===== GIVEN RECORDS =====
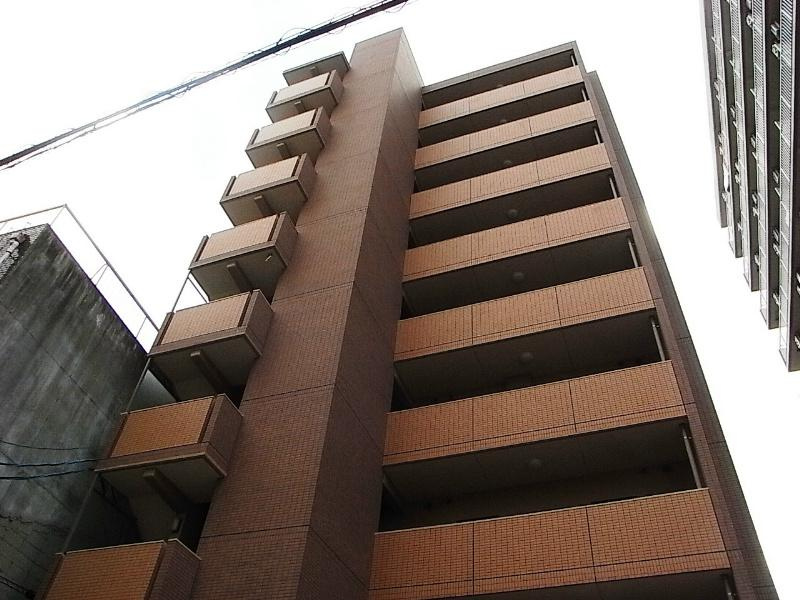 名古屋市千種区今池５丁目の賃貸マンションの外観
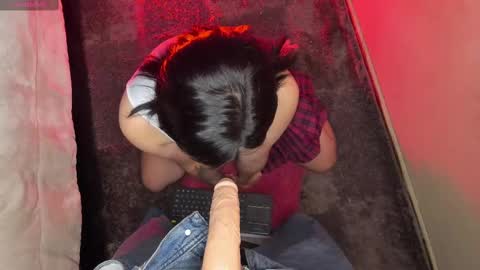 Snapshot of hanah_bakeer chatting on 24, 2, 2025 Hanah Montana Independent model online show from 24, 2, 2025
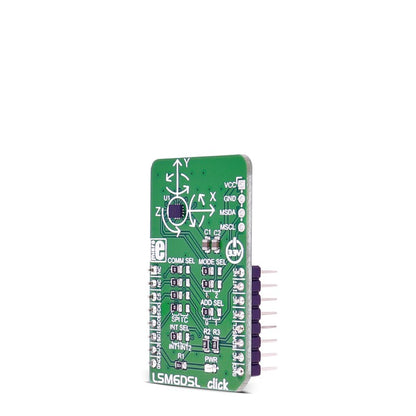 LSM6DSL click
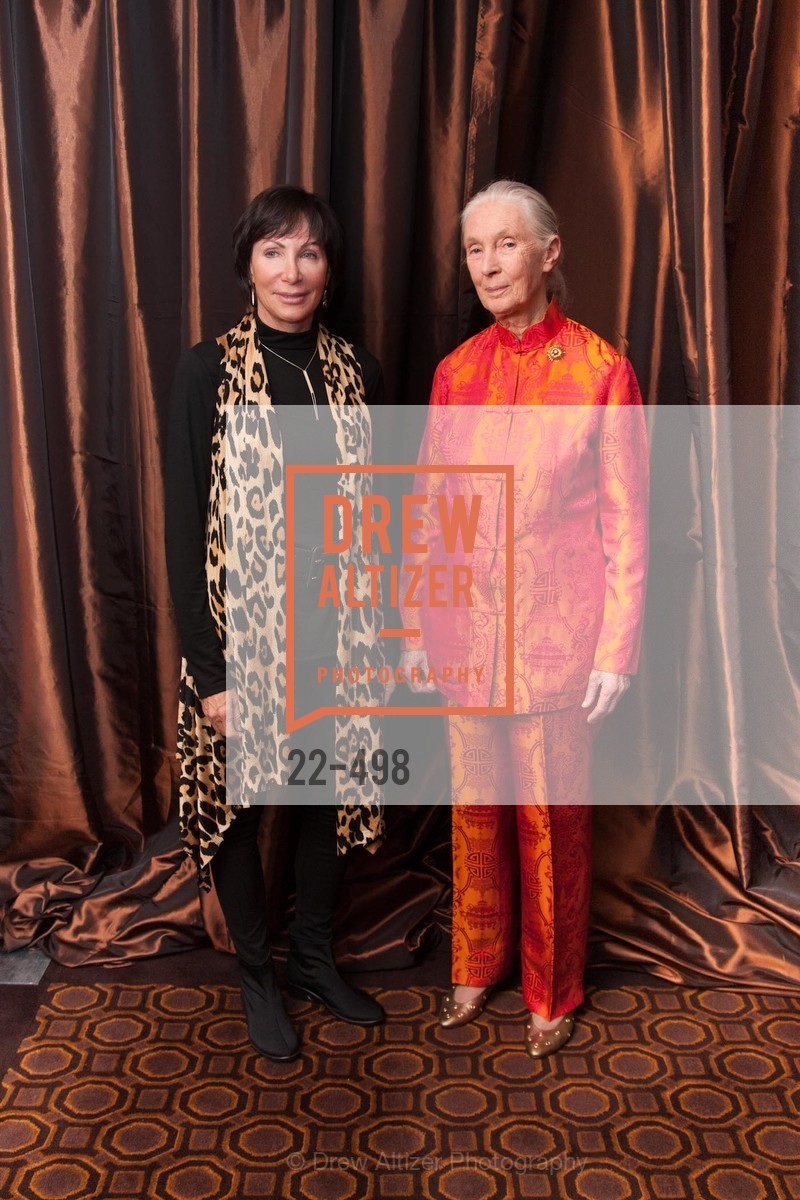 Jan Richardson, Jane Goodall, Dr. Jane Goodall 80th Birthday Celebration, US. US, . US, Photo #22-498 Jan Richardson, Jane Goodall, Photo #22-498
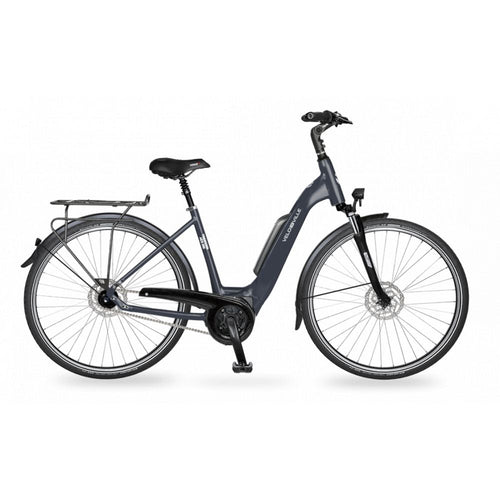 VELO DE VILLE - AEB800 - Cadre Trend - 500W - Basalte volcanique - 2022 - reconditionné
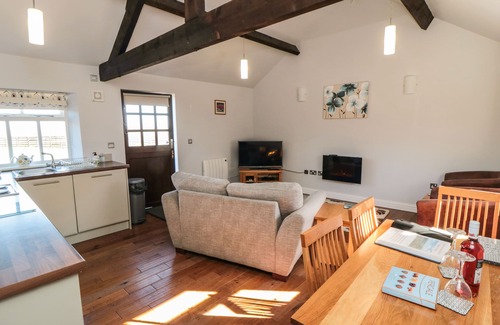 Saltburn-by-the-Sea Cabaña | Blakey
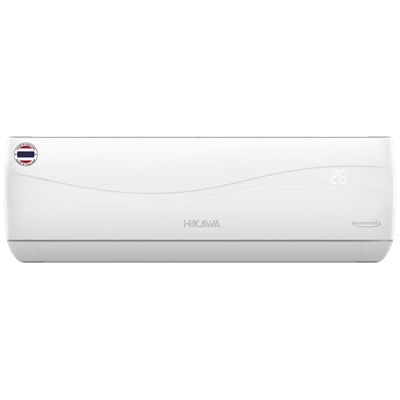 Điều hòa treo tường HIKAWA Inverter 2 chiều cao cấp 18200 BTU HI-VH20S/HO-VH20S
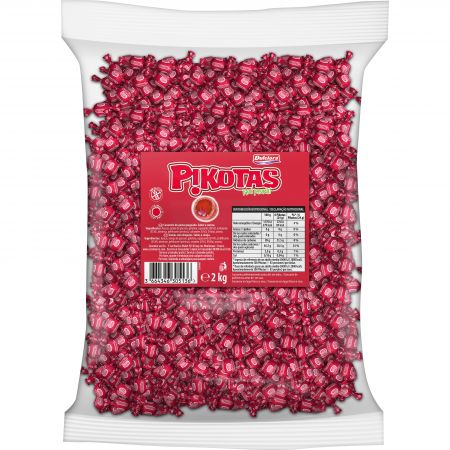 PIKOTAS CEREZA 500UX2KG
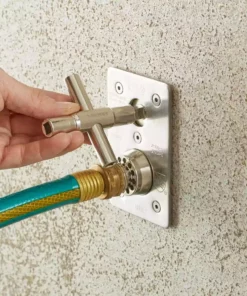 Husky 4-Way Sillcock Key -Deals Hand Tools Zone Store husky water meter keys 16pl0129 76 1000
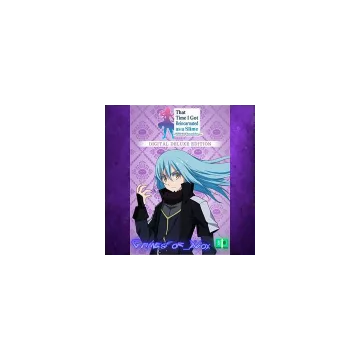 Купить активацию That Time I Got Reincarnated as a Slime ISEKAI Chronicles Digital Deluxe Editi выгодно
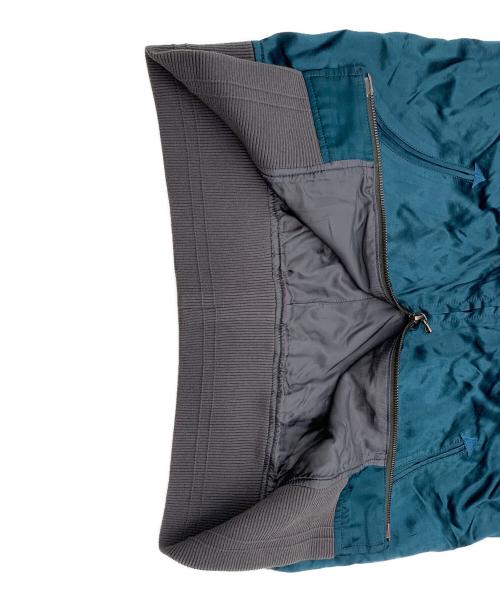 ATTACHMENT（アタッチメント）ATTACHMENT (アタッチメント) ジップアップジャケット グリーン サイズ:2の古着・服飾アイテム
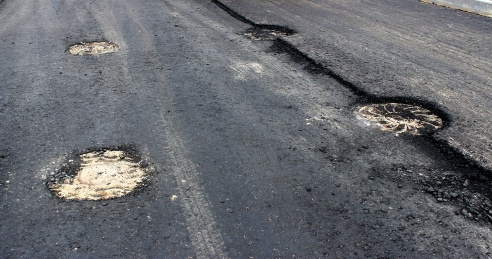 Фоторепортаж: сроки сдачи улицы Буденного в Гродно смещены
=====
===== GIVEN RECORDS =====
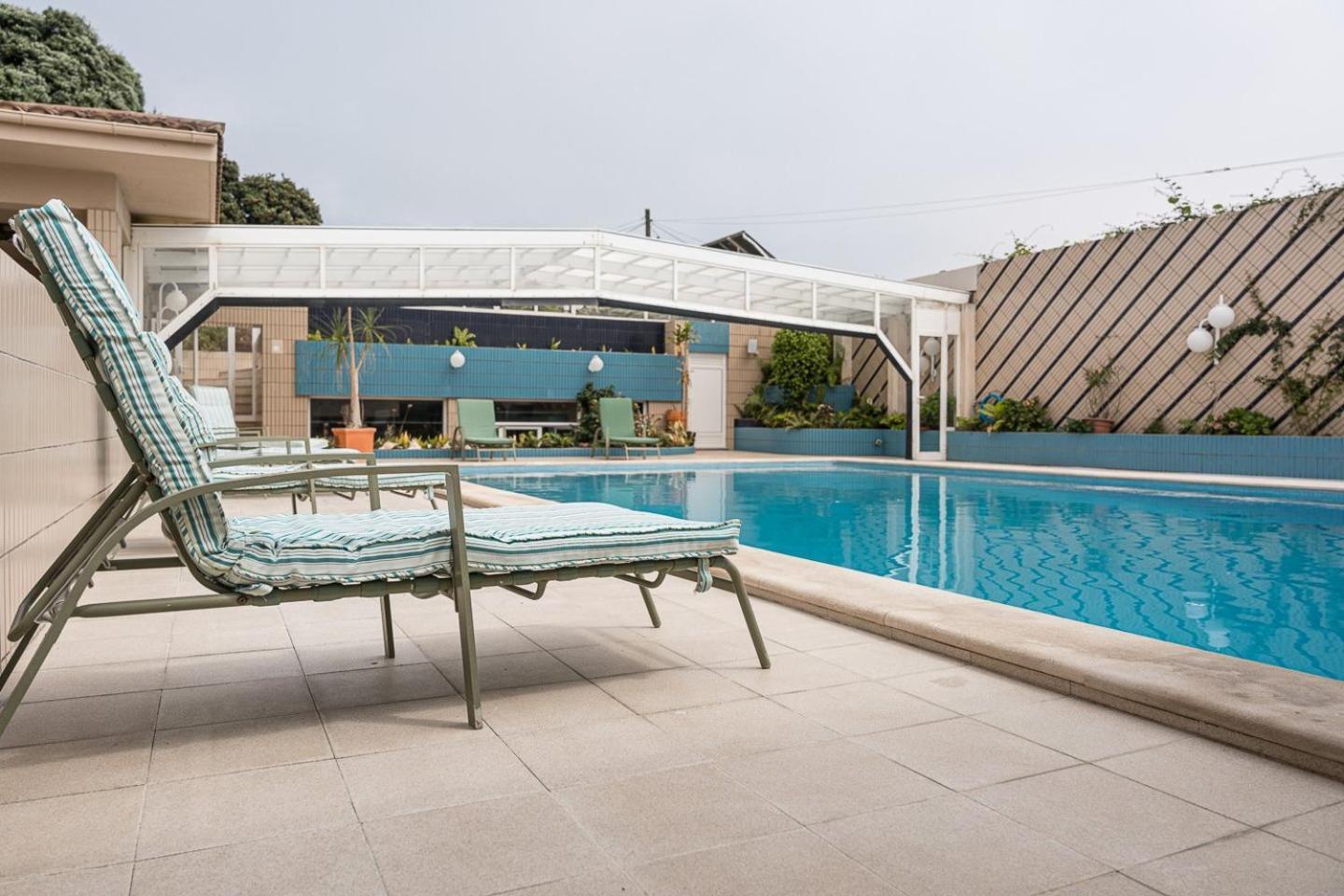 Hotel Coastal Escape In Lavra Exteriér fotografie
=====
**WORK TO COMPLETE**
The answer is those lines of the material above that run from the one containing "Husky 4-Way Sillcock" up to and including the one containing "Фоторепортаж: сроки сдачи", restated exactly and without images.

**YOUR RESPONSE**
 Husky 4-Way Sillcock Key -Deals Hand Tools Zone Store husky water meter keys 16pl0129 76 1000
 Купить активацию That Time I Got Reincarnated as a Slime ISEKAI Chronicles Digital Deluxe Editi выгодно
 ATTACHMENT（アタッチメント）ATTACHMENT (アタッチメント) ジップアップジャケット グリーン サイズ:2の古着・服飾アイテム
 Фоторепортаж: сроки сдачи улицы Буденного в Гродно смещены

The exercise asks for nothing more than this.